Monday, April 16, 2012

Convert Unix, Windows, Mac line endings using OS X command

Today I had to copy some MySQL data from Debian server into test environment on my MacBook. While importing data from tab delimited text files, I noticed warnings that data in the last column of several tables was being truncated. I looked at the tables and noticed MySQL doing some very strange formatting when printing them. It looked almost as if last column was padded with a bunch of white space. I opened import file in TextWrangler and it appeared fine, but when I looked in document options, I saw this:


The good ol' EOL (end-of-line) character...

Different operating systems use different characters to mark the end of line:
  • Unix / Linux / OS X uses LF (line feed, '\n', 0x0A)
  • Macs prior to OS X use CR (carriage return, '\r', 0x0D)
  • Windows / DOS uses CR+LF (carriage return followed by line feed, '\r\n', 0x0D0A)
I'm guessing the person who sent me those files first transferred them to his Windows machine in ASCII mode, so newline characters got automatically converted during transfer.

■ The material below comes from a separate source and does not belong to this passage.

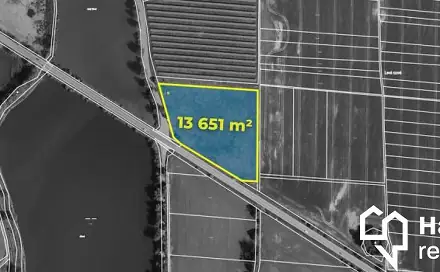 Prodej komerčního pozemku 13 651 m², Hustopeče nad Bečvou, okres Přerov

Since some of the files were very big, instead of changing line endings in TextWrangler I decided to use command line (shocking, I know).

First I executed
cat -v file-name
to confirm existence of the dreaded ^M (carriage return) at the end of every line, and then ran
tr -d '\r' < file-name > file-name-unix
to generate new files without CR characters.

tr (translate character) is a nice little utility that does just that, substitutes one character with another or deletes it (like in my example). It's available on pretty much any *nix distro so no need to install additional software.